§ **TASK STATEMENT**: Pictures should be left out when the listing below is repeated word for word.

§ **SOURCE MATERIAL**:
☆ ☆ ☆ ☆

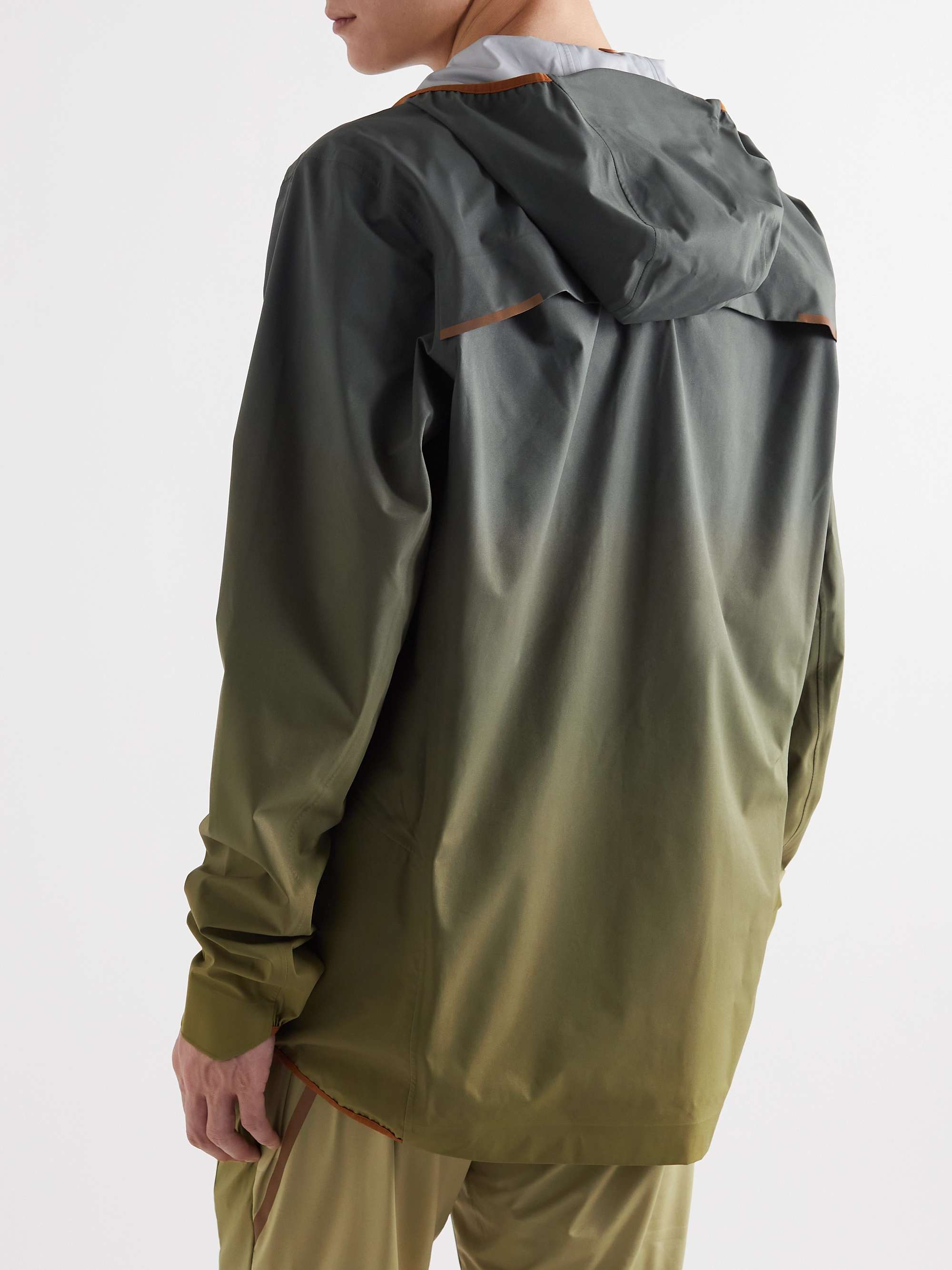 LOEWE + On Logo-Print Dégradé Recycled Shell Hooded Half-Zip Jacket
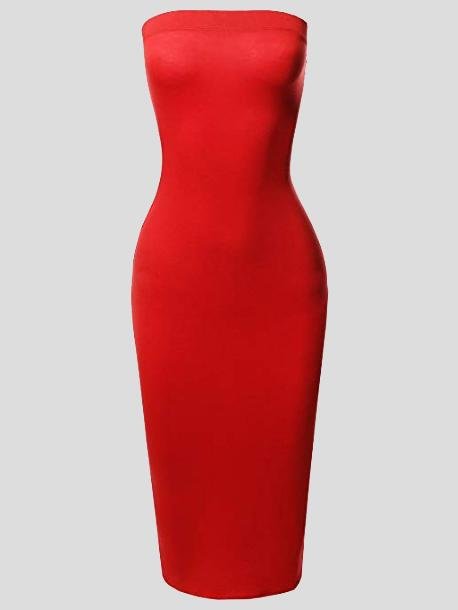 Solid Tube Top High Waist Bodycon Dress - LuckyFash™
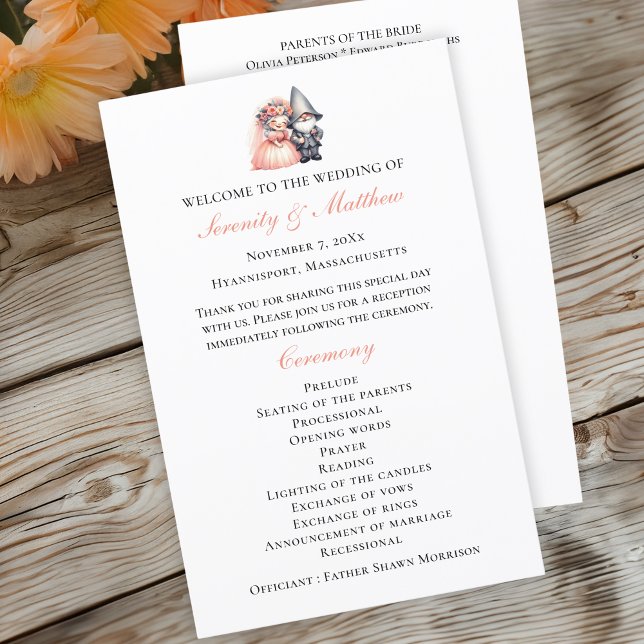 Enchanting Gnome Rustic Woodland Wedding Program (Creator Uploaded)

☆ ☆ ☆ ☆

§ **RESULT FOR THIS TASK**:
 LOEWE + On Logo-Print Dégradé Recycled Shell Hooded Half-Zip Jacket
 Solid Tube Top High Waist Bodycon Dress - LuckyFash™
 Enchanting Gnome Rustic Woodland Wedding Program (Creator Uploaded)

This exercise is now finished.